Crée en mars 2000, le centre de recherche et de  valorisation des plantes médicinales de Dubréka, contribue à l’amélioration de la santé des populations à travers une exploitation rationnelle des ressources locales. Ces ressources portent sur la médecine traditionnelle et la pharmacopée affirme le Professeur Aliou BALDE  directeur du dit centre.

S’agissant de la pharmacopée, la Guinée est considérée comme étant la symbiose des biodiversités à l’échelle africaine sans oublier que  chacune de nos régions naturelles a ses spécificités. « Pendant qu’il est temps, pendant que les guérisseurs de métier sont encore vivants et qu’il reste de plantes qui ne sont pas détruites, les chercheurs en profitent pour exploiter les potentielles de la médecine traditionnelle et la pharmacopée Guinéenne vue que la déforestation intensive et l’urbanisation anarchique sont des fléaux par rapport à la biodiversité. Nos richesses disparaissent de façon progressive  et si  on ne fait pas une réserve ça sera un souvenir pour nos petits enfants » prévient le Professeur Aliou BALDE.

Des avancées significatives sont enregistrées dans le traitement de certaines maladies comme l’hypertension, le diabète avec la mise à la disposition des malades des anti-hypertenseurs et diabétiques. L’anti-hypertenseur a obtenu une autorisation de mise sur le marché et l’anti-diabétique a fait ses preuves suite à des essais cliniques, tous sanctionnés par un brevet international qui s’étend jusqu’au Etats Unis.

Pour  le  paludisme par exemple, six antis-paludéens testés cliniquement et validés cliniquement ont été mis au point. Le desmodum velitinome et le Roreya minore sont utilisés dans la prise en charge de cette maladie.
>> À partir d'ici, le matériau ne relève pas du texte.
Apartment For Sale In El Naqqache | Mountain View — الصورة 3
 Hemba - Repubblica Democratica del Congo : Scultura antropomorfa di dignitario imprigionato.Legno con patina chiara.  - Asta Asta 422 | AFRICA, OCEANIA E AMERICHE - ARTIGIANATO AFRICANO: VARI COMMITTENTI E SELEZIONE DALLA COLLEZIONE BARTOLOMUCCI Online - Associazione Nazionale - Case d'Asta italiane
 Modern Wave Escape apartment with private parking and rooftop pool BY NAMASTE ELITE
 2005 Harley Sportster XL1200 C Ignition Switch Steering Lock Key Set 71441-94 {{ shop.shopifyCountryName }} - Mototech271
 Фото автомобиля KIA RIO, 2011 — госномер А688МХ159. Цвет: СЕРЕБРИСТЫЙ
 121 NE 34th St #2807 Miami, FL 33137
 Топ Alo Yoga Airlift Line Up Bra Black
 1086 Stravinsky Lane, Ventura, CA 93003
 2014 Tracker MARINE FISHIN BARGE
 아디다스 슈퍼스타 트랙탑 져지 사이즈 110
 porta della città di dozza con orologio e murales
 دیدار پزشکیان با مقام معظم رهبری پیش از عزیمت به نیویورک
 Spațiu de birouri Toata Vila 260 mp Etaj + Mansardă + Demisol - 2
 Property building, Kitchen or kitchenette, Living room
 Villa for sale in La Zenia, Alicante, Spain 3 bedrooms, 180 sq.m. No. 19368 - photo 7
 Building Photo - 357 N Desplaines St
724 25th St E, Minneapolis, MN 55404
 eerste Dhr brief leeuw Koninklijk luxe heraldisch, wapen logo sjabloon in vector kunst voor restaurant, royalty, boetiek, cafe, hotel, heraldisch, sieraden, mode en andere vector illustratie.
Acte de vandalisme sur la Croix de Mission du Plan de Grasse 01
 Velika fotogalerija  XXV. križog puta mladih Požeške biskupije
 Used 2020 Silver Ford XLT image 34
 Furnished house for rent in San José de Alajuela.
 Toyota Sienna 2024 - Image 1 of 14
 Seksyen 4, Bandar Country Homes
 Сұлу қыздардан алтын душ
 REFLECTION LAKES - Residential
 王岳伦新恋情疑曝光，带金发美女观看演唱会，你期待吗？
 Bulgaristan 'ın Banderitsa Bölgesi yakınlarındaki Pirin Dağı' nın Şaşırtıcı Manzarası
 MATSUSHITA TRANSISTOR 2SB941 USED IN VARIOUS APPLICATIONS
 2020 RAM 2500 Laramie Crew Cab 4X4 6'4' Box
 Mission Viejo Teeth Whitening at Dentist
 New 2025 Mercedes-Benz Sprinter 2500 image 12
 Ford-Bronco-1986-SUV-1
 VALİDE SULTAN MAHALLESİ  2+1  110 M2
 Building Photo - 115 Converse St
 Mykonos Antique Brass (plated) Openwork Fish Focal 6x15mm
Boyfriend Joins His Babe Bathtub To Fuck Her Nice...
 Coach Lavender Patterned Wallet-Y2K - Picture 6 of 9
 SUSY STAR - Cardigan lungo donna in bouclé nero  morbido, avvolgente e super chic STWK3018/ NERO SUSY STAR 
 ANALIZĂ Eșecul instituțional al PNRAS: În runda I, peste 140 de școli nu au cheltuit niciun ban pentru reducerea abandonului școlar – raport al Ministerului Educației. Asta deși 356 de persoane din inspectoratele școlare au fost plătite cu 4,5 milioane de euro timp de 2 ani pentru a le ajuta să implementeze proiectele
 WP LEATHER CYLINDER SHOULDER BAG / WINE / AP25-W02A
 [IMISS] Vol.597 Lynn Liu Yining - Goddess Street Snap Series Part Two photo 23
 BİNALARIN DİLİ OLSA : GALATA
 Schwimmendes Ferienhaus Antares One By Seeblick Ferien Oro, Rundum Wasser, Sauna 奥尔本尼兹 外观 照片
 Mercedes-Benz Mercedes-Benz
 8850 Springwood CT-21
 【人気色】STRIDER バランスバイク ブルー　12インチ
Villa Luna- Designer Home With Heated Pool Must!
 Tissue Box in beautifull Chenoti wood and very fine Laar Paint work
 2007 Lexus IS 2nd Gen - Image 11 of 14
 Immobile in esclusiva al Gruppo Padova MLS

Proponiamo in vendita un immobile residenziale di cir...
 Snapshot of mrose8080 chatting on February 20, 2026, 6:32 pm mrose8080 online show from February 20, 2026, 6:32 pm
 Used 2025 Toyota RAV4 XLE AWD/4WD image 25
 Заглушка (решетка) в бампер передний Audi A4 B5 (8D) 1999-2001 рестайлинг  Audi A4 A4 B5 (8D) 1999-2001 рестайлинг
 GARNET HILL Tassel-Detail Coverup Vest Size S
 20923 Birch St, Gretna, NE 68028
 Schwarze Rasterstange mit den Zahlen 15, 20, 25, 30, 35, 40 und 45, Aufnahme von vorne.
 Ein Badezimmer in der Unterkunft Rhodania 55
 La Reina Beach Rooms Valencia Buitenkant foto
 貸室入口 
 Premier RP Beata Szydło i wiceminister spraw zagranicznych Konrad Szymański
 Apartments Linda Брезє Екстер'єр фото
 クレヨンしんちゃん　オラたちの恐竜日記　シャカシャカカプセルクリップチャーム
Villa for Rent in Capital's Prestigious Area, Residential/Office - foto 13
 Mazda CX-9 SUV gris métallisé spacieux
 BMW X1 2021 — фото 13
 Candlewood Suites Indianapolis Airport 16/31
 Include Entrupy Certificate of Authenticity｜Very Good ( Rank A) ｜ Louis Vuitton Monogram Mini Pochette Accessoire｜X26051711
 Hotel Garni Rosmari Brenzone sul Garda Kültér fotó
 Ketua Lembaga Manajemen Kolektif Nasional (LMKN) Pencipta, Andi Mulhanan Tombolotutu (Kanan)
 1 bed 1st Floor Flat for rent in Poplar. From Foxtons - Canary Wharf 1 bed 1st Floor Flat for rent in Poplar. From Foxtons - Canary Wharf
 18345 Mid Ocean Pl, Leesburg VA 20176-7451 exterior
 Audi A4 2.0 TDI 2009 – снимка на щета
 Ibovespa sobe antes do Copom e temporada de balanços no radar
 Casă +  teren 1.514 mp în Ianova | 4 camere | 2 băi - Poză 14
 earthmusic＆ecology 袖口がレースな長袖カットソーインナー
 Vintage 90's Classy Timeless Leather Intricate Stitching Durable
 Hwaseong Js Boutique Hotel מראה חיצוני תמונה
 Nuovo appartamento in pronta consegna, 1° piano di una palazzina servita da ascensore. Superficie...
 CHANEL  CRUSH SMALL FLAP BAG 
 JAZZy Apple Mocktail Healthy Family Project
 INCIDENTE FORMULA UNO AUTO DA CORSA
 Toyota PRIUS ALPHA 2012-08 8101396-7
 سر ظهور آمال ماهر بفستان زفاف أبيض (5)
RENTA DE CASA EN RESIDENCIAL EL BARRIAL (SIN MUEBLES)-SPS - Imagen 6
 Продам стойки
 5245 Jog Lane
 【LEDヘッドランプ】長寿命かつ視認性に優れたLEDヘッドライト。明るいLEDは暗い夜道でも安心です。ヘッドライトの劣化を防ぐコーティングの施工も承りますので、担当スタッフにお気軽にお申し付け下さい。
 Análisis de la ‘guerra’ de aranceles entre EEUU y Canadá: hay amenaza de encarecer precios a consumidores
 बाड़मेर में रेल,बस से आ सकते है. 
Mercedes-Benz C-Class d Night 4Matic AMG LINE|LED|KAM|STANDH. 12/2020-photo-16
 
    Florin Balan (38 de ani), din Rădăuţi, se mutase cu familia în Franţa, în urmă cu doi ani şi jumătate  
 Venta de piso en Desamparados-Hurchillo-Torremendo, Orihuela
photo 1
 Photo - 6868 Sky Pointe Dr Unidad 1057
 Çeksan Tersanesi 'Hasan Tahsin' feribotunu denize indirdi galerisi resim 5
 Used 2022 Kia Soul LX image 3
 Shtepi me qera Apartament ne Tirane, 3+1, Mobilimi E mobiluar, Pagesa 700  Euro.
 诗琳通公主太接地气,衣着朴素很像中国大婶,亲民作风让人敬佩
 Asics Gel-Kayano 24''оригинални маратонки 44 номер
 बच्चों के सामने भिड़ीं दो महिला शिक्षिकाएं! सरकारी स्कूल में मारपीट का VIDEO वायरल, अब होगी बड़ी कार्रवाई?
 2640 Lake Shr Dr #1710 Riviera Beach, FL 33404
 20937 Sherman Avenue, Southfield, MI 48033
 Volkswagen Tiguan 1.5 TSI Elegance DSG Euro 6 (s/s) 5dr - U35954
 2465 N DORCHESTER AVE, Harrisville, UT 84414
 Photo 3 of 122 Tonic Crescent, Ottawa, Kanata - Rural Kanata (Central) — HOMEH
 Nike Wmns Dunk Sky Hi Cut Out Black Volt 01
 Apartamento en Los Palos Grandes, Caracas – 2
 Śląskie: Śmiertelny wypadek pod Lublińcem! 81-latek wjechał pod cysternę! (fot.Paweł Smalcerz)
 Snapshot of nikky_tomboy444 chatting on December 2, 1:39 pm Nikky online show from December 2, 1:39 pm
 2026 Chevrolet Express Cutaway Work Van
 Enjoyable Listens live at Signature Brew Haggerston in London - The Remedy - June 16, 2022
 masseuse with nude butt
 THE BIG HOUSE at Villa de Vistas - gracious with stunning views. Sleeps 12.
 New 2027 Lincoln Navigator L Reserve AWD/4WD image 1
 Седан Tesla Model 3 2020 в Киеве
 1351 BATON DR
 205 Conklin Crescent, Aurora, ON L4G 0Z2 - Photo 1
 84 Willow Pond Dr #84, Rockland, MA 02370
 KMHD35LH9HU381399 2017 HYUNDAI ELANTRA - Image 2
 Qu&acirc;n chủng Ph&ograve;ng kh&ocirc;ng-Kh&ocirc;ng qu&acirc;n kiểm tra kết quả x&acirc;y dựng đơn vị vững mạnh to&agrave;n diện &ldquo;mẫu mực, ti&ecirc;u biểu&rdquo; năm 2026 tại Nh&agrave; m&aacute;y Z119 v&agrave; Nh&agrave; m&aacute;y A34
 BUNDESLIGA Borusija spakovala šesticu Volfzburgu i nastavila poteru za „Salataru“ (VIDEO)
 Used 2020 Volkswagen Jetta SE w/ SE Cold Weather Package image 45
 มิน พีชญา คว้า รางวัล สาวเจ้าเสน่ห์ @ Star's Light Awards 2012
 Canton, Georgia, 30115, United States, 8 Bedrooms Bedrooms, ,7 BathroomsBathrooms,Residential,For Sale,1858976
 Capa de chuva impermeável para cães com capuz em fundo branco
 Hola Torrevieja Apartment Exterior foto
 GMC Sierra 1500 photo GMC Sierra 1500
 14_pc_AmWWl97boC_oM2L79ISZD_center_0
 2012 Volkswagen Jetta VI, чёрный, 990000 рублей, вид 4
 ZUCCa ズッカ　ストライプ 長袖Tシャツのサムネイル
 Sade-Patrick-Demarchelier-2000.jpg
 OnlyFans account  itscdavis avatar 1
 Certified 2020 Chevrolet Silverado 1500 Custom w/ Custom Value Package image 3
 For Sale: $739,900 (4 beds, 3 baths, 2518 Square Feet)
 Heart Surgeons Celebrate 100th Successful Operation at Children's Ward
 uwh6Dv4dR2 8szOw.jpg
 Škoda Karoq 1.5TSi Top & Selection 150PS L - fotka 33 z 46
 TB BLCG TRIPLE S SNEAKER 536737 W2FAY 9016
Mais dans le domaine du paludisme, le rêve des chercheurs africains est de proposer à l’humanité un anti-paludéen comme l’a fait l’Amérique du sud qui a  proposé le quinquina souligne le chef du centre.

Le Professeur BALDE ajoute également que plus d’une vingtaine de nouvelles molécules publiées au plan scientifique ont été isolées et identifiées dans le cadre des infections microbiennes. Au niveau du VIH, des recettes intéressantes ont été trouvées. 

« Si on nous dit (tradi praticiens) qu’on utilise la racine pour traiter telle maladie pour vérifier l’activité d’abord on respecte l’information de base. Mais dans l’étude approfondie, nous étudions tous les organes de la plantes pour voir quelles sont les dénominateurs communs actifs qu’on peut retrouver au niveau de ses organes. Si le principe qui est responsable de l’activité est plus présent dans les feuilles, c’est elles que nous exploitons. Quand c’est  les racines c’est délicat puisqu’on risque de tuer et pour permettre la longévité de la plante, on récolte une portion » affirme le Proffesseur.

Basé à Dubréka, le centre de recherche et de valorisation des plantes médicinales  dispose de quatre  antennes à Kankan, Labé, Kindia et N’Nzérékoré. Mais c’est seulement dans les trois premières localités citées, que les unités sont pour l’instant véritablement fonctionnelles et à travers ses antennes, il regroupe les tradi-praticiens qui sont leur collaborateurs.